Kevin Cahill received his Ph.D. in 2001 from the University of Virginia. Since 2002 he has been a member of the philosophy department at the University of Bergen, Norway. For many years his research was focused almost entirely on the interpretation of Wittgenstein’s philosophy, both early and late. Much of his research for the last 10 years or so has also been focused on the philosophy of the social sciences and on philosophical anthropology.

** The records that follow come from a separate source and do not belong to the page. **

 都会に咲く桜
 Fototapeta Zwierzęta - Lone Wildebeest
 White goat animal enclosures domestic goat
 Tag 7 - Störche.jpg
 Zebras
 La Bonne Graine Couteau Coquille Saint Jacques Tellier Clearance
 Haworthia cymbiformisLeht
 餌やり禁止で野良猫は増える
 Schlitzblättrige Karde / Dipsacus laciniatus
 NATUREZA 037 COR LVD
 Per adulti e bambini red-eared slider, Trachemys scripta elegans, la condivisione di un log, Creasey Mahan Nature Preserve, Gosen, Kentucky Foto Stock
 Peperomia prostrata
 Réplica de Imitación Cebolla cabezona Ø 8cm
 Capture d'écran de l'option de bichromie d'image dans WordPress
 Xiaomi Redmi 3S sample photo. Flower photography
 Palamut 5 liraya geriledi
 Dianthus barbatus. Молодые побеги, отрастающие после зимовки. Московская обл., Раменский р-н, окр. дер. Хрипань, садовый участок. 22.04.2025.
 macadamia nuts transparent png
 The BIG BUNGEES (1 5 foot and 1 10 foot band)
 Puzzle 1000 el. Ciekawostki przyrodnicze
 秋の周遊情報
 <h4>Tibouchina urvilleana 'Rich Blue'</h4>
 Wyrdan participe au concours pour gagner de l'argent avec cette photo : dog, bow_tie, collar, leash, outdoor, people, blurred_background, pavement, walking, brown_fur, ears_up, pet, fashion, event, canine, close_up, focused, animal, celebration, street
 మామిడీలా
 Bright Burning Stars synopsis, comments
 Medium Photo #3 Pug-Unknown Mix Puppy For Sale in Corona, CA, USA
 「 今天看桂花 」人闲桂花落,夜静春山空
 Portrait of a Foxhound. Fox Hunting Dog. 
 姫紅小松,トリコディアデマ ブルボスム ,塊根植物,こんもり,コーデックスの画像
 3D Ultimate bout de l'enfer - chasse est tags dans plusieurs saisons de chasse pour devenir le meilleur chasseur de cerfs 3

His books include The Fate of Wonder: Wittgenstein’s Critique of Metaphysics and Modernity (Columbia, 2011), Wittgenstein and Naturalism, edited with Thomas Raleigh (Routledge, 2018), and most recently Towards a Philosophical Anthropology of Culture (Routledge, 2021). Kevin Cahill is from San Francisco.

Hans-Johann Glock:

Hans-Johann Glock is Professor of Philosophy and a member of the National Centre for Competence in Research Evolving Language. He was rewarded a Humboldt Research Prize in 2015. Among his books are A Wittgenstein Dictionary (Blackwell 1996) and What is Analytic Philosophy? (Cambridge University Press 2008) and A Companion to Wittgenstein (Wiley 2017, co-edited with John Hyman). He has also published in leading international journals on topics in the philosophy of language, the philosophy of mind, the philosophy of animal minds and the history of analytic philosophy. A collection of some of his essays on Wittgenstein is due to be published by Anthem under the title Normativity, Meaning and Philosophy.

Dimitris Gakis:

Dimitris Gakis received his PhD degree from the Faculty of Humanities, University of Amsterdam, The Netherlands in 2012. From 2016 until 2018 he was a Marie Skłodowska Curie postdoctoral fellow at the Institute of Philosophy, KU Leuven, Belgium. His research interests include Wittgenstein, Marx and (post-)Marxism, (post-)modernity and (post-)modernism, metaphilosophy, and biopolitics. He has published, among others, on the political aspects of Wittgenstein’s philosophy and the connections between Wittgenstein and (post-)Marx(ism) in journals such as Constellations and Philosophy & Social Criticism.

Eli Friedlander:
Eli Friedlander teaches philosophy at Tel Aviv University. He writes on aesthetics, early analytic philosophy and on Kant and his aftermath in nineteenth and twentieth century philosophy. Among his publications are Signs of Sense: Reading Wittgenstein’s Tractatus (2000), J.J Rousseau: An Afterlife of Words (2005), Walter Benjamin: A Philosophical Portrait (2012) and Expressions of Judgment: An Essay on Kant’s Aesthetics (2015), all published at Harvard University Press. Friedlander is currently at work on a book on the unity of language, nature and history in Walter Benjamin’s thought.